The concept of commemorating war dead did not develop to any great extent until towards the end of the C19. Previously, memorials were rare and were mainly dedicated to individual officers, or sometimes regiments. The first large-scale erection of war memorials dedicated to the ordinary soldier followed the Second Boer War of 1899-1902, the first major war following reforms to the British Army which led to regiments being recruited from local communities and with volunteer soldiers. However, it was the aftermath of the First World War that was the great age of memorial building, both as a result of the huge impact the loss of three quarters of a million British lives had on communities and the official policy of not repatriating the dead, which meant that the memorials provided the main focus of the grief felt at this great loss.

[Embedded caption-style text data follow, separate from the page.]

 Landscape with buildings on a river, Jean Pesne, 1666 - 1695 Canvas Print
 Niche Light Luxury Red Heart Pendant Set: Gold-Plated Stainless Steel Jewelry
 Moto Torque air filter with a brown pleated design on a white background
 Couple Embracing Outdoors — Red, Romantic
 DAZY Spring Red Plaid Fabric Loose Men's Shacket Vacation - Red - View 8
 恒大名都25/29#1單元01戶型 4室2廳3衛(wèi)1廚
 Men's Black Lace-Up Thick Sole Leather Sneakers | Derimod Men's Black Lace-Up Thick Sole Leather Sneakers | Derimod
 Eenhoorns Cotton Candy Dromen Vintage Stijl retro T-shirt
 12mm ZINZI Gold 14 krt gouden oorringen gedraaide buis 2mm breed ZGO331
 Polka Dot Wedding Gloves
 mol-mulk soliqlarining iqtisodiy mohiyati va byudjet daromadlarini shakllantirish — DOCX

At the annual Wymondham Parish Meeting in April 1919 a committee was set up to establish a war memorial. Various schemes were considered, including a cottage hospital, almshouses, nursing facilities, a monument in the Market Place or Fairland, church memorials, and a recreation ground. A proposal for a monument at an estimated cost of c£300-£500 was put forward but there was some disagreement as local people wanted a utilitarian form of memorial and some also argued that inscribing the names of the fallen on a monument would duplicate schemes already in hand at Wymondham Abbey and inside the parish church. By May 1920, however, the monument scheme had been settled on and a stone obelisk was unveiled in Town Green on 24 July 1921. The memorial commemorates 143 local servicemen who fell in the First World War, 43 men who fell in the Second World War, and 3 civilians killed during the Second World War by enemy action. In 2015, the nationally-produced VC slab for Company Sergeant Major Harry Daniels, Rifle Brigade, was incorporated into the paving at the foot of the monument.
First World War memorial.
MATERIALS: sandstone from Robin Hood quarry.
PLAN: the memorial is located in Town Green, at the junction of Vicar Street and Middleton Street.
EXTERIOR: the memorial is in the form of a stone obelisk on a tall, elaborate pedestal, with angle-set scrolled acanthus leaf console brackets. To each face is a segmental arch, beneath which is a shouldered inscription panel with foliate borders. The base of the obelisk has a wreath to each face; the front face has a Latin cross carved in relief to the shaft of the obelisk. The whole stands on a square three-stepped base, the corners of which are chamfered; at these corners are low inscription stones carrying the names of the dead of the Second World War. The memorial stands within an area of decorative paving surrounded by a border for planting (later addition). The pedestal bears the First World War names in incised and black painted lettering. The dedication is carved in relief around the bottom of the pedestal, and the Second World War inscription has been added to the low stones around the base in incised and black painted lettering. The dedicatory inscriptions are carved in relief with the names incised and painted.